Earlier on my Epic January Tour (which, all told, was awesome), I had what is now one of my favorite experiences of the whole Amtrak narrative. A fellow PC(USA) blogger approached me in the Chicago Amtrak station asking if I was indeed Madame Future Moderator. The wearing of a clerical collar in such a non-clerical setting was obviously what gave me away. That was its own kind of amazing - the world is indeed that small, especially the PC(USA), but after he and I had our brief conversation, I was left to the astounded query of the woman standing next to me in line -- you mean, he recognized you from your blog??
Left, that is, with the statement to mull over: I am a blogger.
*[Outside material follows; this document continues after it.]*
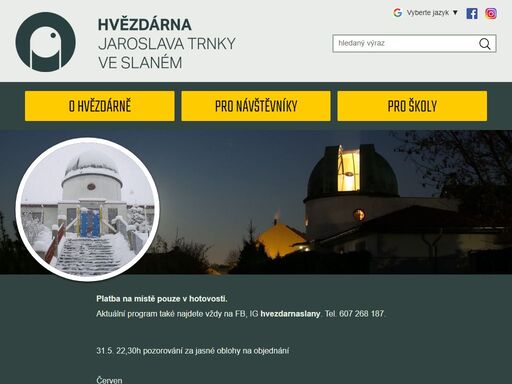 www.hvezdarna-slany.cz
That used to be more of a statement than it is today. I did not make the "early adopter" cutoff, back when Livejournal was populated almost exclusively by artsy angsty college kids, but I joined in 2002. My version of blogging fame back then was that my grandmother would print my public entries on the Prague Blog (a study abroad semester) and read them aloud with a group of friends in the retirement community. I still have a blog over at lj - from our time in Uganda - chronicling our service for Children Of Uganda. That blog hit a wider audience, up to 50 hits a day (back in the day before Google Reader, you see, people had to actually visit the website, whereupon you could count them). This blog was discovered by our cousin's girlfriend, off in Peace Corps, who passed it on to said cousin as recommended reading - not knowing we were family.
These days I get fb friend requests from blog readers, and I actually kind of freak out about that. Facebook used to be a small world, like the livejournal community of yore, but suddenly it's almost indistinguishable from the Real World -- the walls are disappearing.
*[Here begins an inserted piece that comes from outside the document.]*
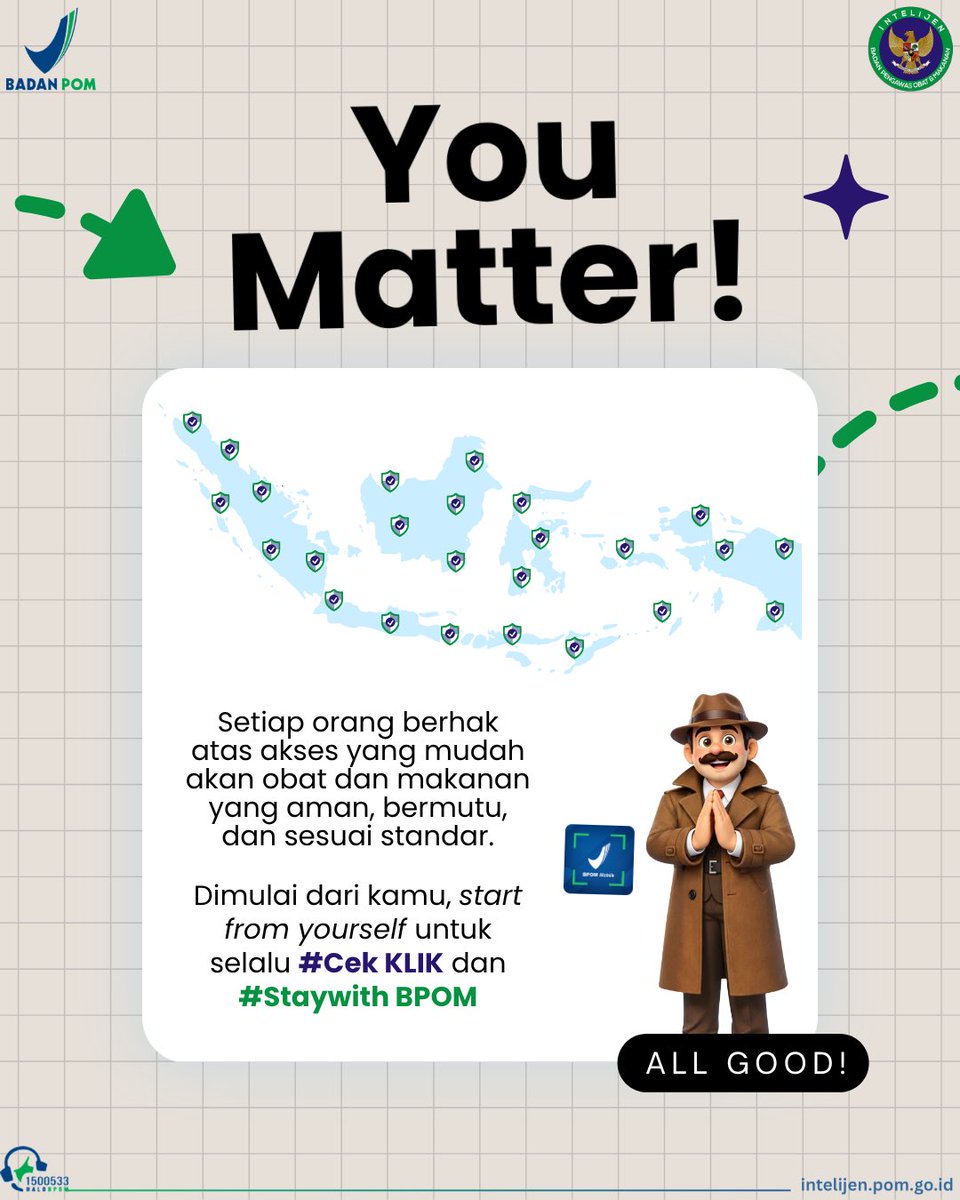 intelijenbpom's tweet photo. Mari bersinergi, dimulai dari langkah terkecil dengan #CekKLIK yaa ✅️

#StayKLIK
#StaywithBPOM https://t.co/tlXuLNviaz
Recently I was at a dance where a conspicuously awkward man went around archiving the evening on a handheld video camera. If that video makes it to YouTube you'll see me making horrible faces at the camera, because I felt so uncomfortable with that idea. The next day I ferociously organized all my facebook friend lists, privacy settings, search settings, application settings. I may not have ended up any more anonymous than I started, but at least I felt in control.
For the most part, however, I am not troubled by the expanding walls on the world of blogging. This is a little world where I'm actually rather confident -- the playground of words, sentences, verbal blocks of meaning.